> _EXERCISE PROMPT_:
In the data below, set down exactly the lines from the one containing "2 Lexington Circle, Terrace" up to and including the one containing "Apartamento à venda com 160m², 4 quartos e 3 vagas Apartamento". Leave the pictures out.

Segment Start: DATASET

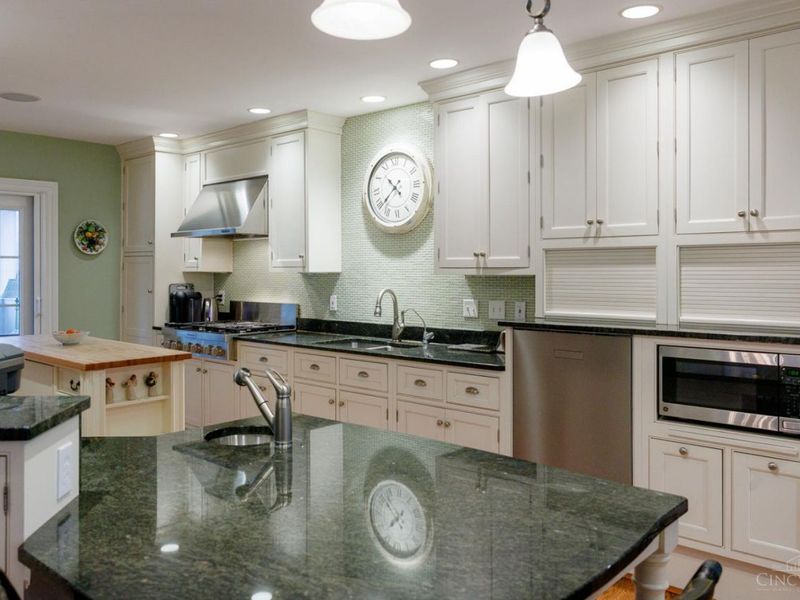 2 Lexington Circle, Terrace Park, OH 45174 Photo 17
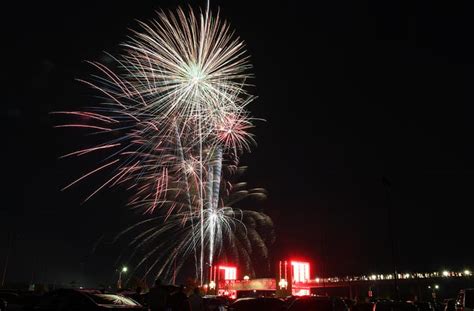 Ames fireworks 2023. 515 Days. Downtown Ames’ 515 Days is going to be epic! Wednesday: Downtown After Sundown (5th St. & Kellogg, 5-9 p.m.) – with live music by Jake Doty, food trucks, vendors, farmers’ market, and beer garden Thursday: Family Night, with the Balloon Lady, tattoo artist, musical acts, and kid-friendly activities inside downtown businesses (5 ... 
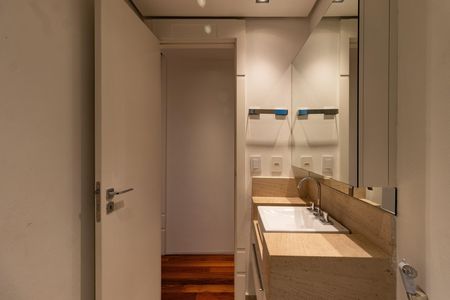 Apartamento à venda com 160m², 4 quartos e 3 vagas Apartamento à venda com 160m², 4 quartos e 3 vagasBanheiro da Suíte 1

Segment End: DATASET
Segment Start: DATASET

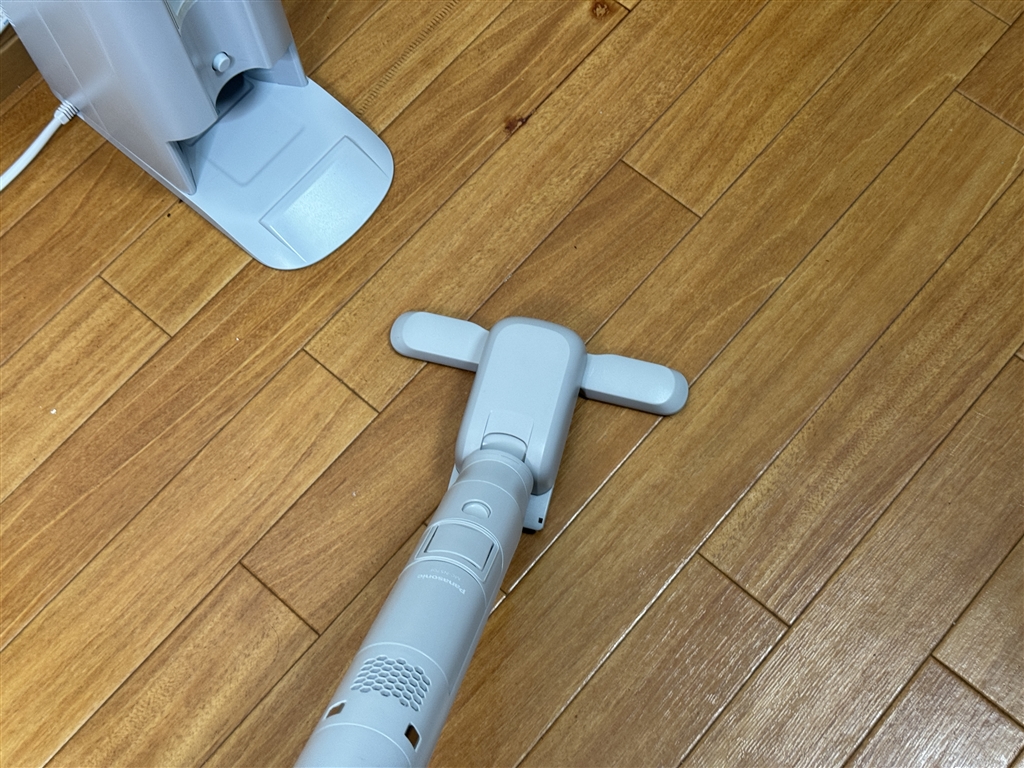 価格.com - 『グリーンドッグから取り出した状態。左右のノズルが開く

Segment End: DATASET

> _SOLUTION TO THIS TASK_:
 2 Lexington Circle, Terrace Park, OH 45174 Photo 17
 Ames fireworks 2023. 515 Days. Downtown Ames’ 515 Days is going to be epic! Wednesday: Downtown After Sundown (5th St. & Kellogg, 5-9 p.m.) – with live music by Jake Doty, food trucks, vendors, farmers’ market, and beer garden Thursday: Family Night, with the Balloon Lady, tattoo artist, musical acts, and kid-friendly activities inside downtown businesses (5 ... 
 Apartamento à venda com 160m², 4 quartos e 3 vagas Apartamento à venda com 160m², 4 quartos e 3 vagasBanheiro da Suíte 1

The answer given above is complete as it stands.